Since the connection shown also acts as a mixing stage, the emitter of transistor 1 is supplied with a signal voltage which is to be mixed with the oscillator oscillations. This signal voltage originates, e.g. from a bandpass filter whose secondary circuit is formed by a piece of wire 15, a capacity diode 16 and a series capacitor ^7 • The input signal is supplied to this circuit, e.g. inductively. A coupling sloyfe 18 lying in the emitter line, which is inductively coupled with the line piece 15, transmits the signal to the emitter. The end of the coupling loop 18 which is farthest from the emitter is through a resistor 19 and a decoupling capacitor 20 connected to earth. Optionally, the coupling loop 18 can also be routed along the wire section 5 in the oscillator circuit so that, in addition to the capacitive feedback through the diode 10, an inductive feedback is also achieved.

The tuning voltage U applied to the cathode in the capacitance diodes 6 and 10 is supplied through a resistor 21 to the cathode in the capacitance diode 16, so that the tuning of the bandpass filter circuit 15,16, 17 changes simultaneously with the tuning of the oscillator circuit 5,6,7.

The intermediate frequency signal produced in the transistor 1 can be taken from the output terminal 22 which is connected to the collector of the transistor.

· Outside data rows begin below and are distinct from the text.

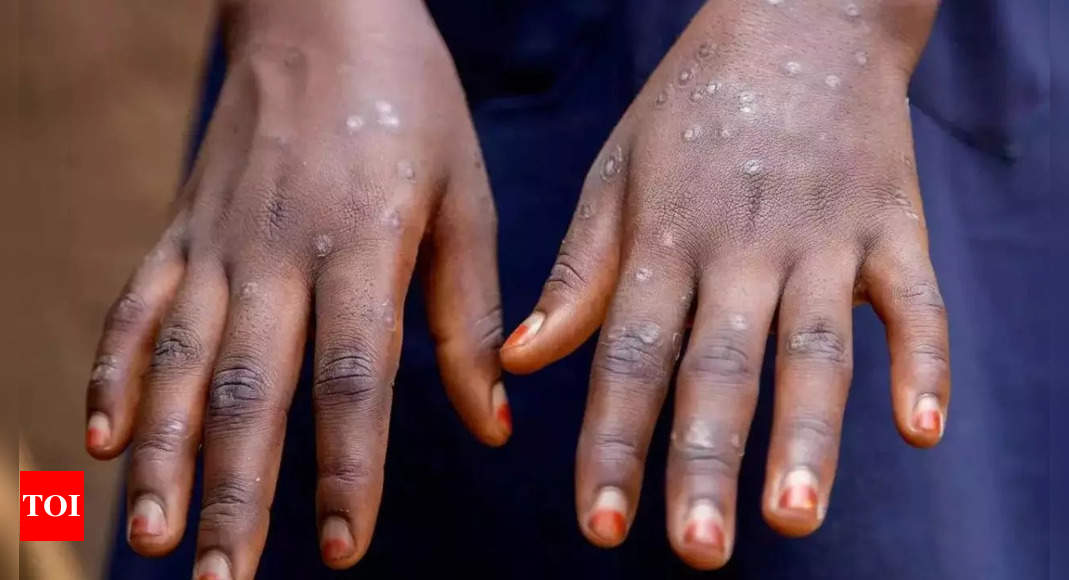 A second Mpox case has emerged in Kerala, prompting the Health Ministry to issue an alert. Important notes on managing Mpox |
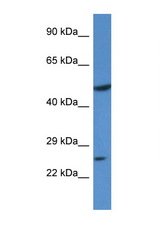 KLF17 antibody LS-C101813 Western blot of 293T Cell lysate. Antibody concentration 1 ug/ml.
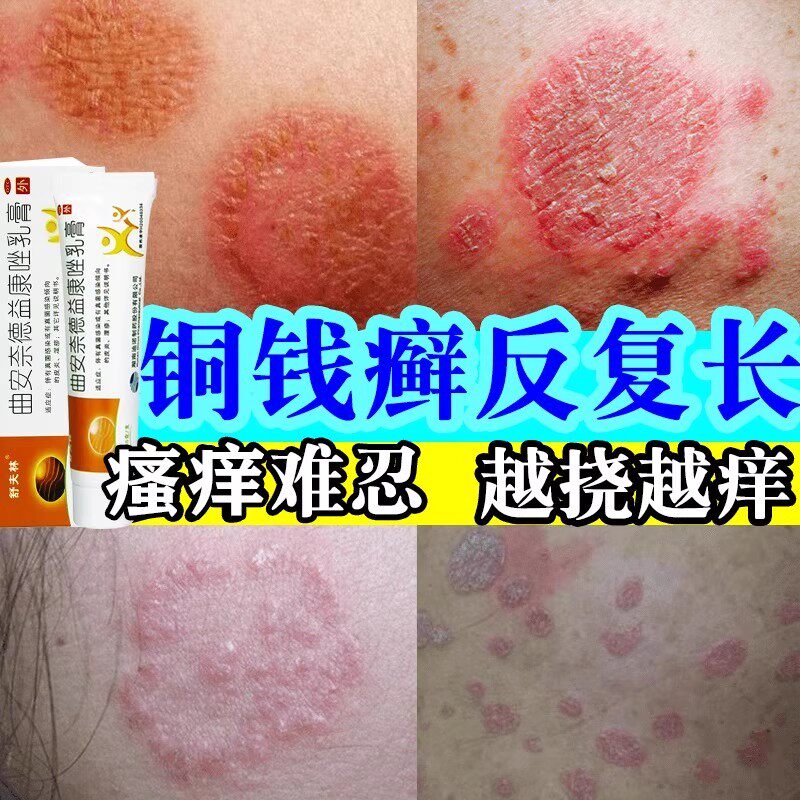 铜钱癣体癣牛皮癣专用药膏皮肤癣痒股癣大腿外用抑菌藓真菌感染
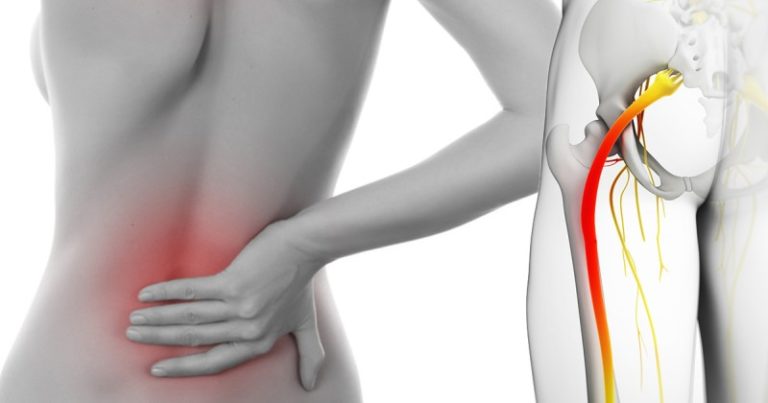 zloty środek na rwę kulszową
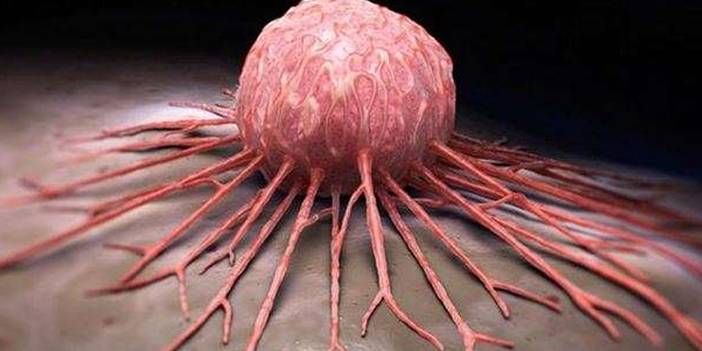Uzman doktor uyardı: Kanserin 5 hayati belirtisini göz ardı etmeyin 2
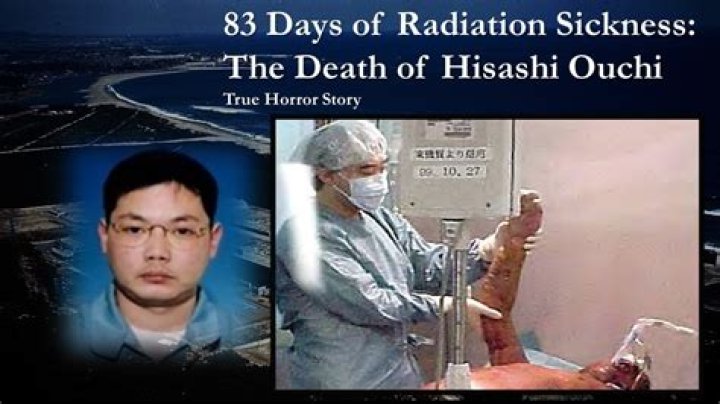 Understanding Hisashi Ouchi: The Tragic Story Of Radiation Exposure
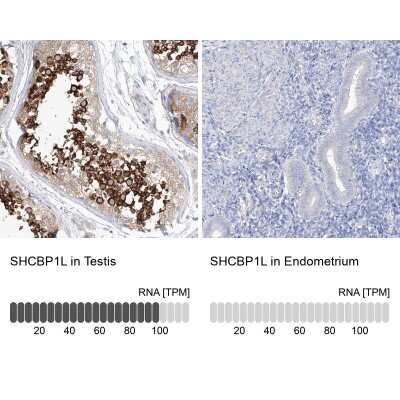 Immunohistochemistry-Paraffin: SHCBP1L Antibody [NBP2-32716]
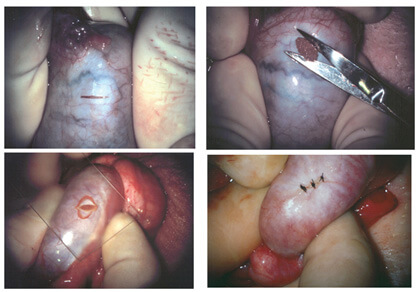 Micro-TESE surgical sperm retrieval under microscope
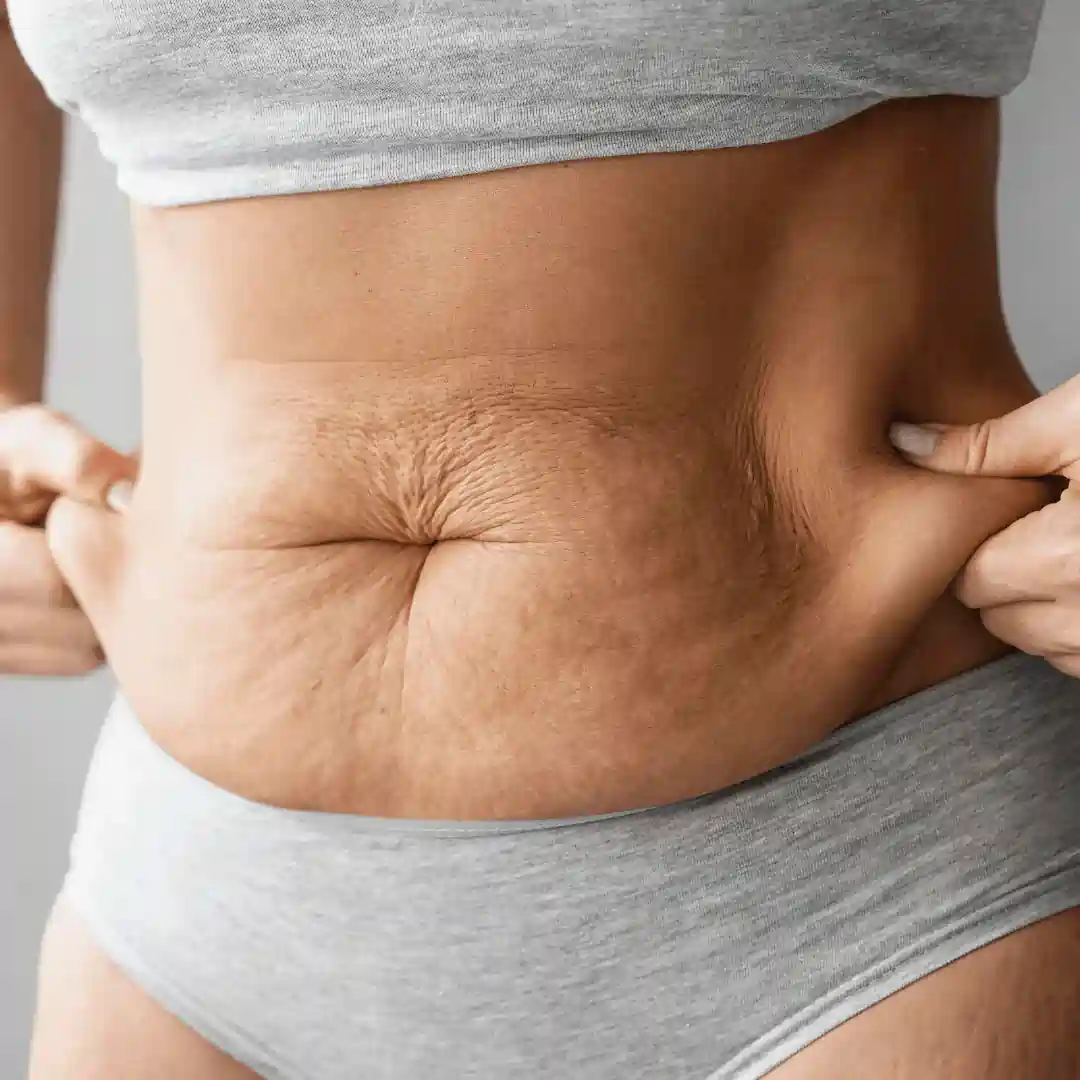 Is It Normal to Have Loose Skin After Pregnancy Perth?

The collector DC voltage required for the correct operation of the transistor is also supplied to terminal 22.

Claims (2)

1. Oscillator coupling for ultra-high-frequency oscillations, with a transistor (1) in common-base coupling whose collector is connected to an oscillator circuit (5,6,7) tunable by means of a capacitor diode (6) and with a feedback path containing a second capacitor diode ( 10) whose capacity, when tuning the oscillator coupling, is controlled in the same direction as the first capacity diode, characterized in that the second capacity diode (10) forms part of a parallel oscillating circuit (10,11,14) lying in the feedback path, sora vec* tuning of the oscillator coupling to the higher frequencies of the tuning range is at least approximately in resonance with the frequency of the oscillation produced by the oscillator coupling. 2. Oscillator coupling according to claim 1, characterized in that the oscillator circuit (5,6,7) and the parallel swing circuit (10,11,14) lying in the feedback path contain series (7,11) and/or parallel capacities (9) which are thus dimensioned, that the parallel oscillating circuit (10,11,14) lying in the feedback path, when tuning the oscillator coupling to the lower frequencies of the tuning range, forms a capacitive impedance for the oscillation produced by the oscillator coupling.